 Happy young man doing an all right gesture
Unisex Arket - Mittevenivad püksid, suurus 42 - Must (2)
---
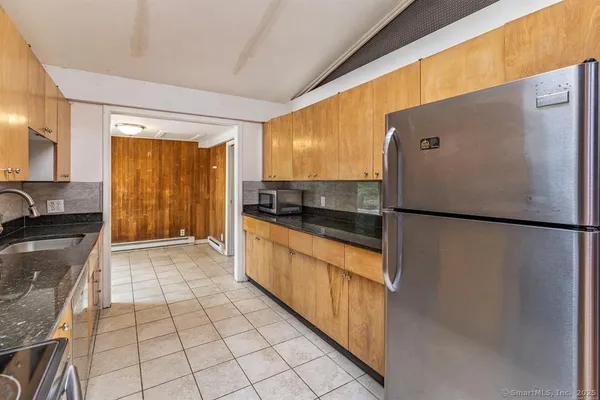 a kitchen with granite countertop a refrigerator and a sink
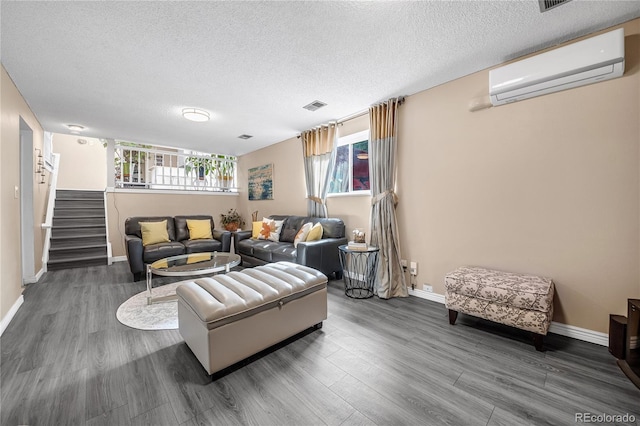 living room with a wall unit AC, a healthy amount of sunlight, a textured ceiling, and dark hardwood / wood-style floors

What you are asked to do: Print, exactly and with no pictures, the lines of the listing above starting at the one that has "a kitchen with" and ending at the one that has "living room with", both included.

Expected answer:
 a kitchen with granite countertop a refrigerator and a sink
 living room with a wall unit AC, a healthy amount of sunlight, a textured ceiling, and dark hardwood / wood-style floors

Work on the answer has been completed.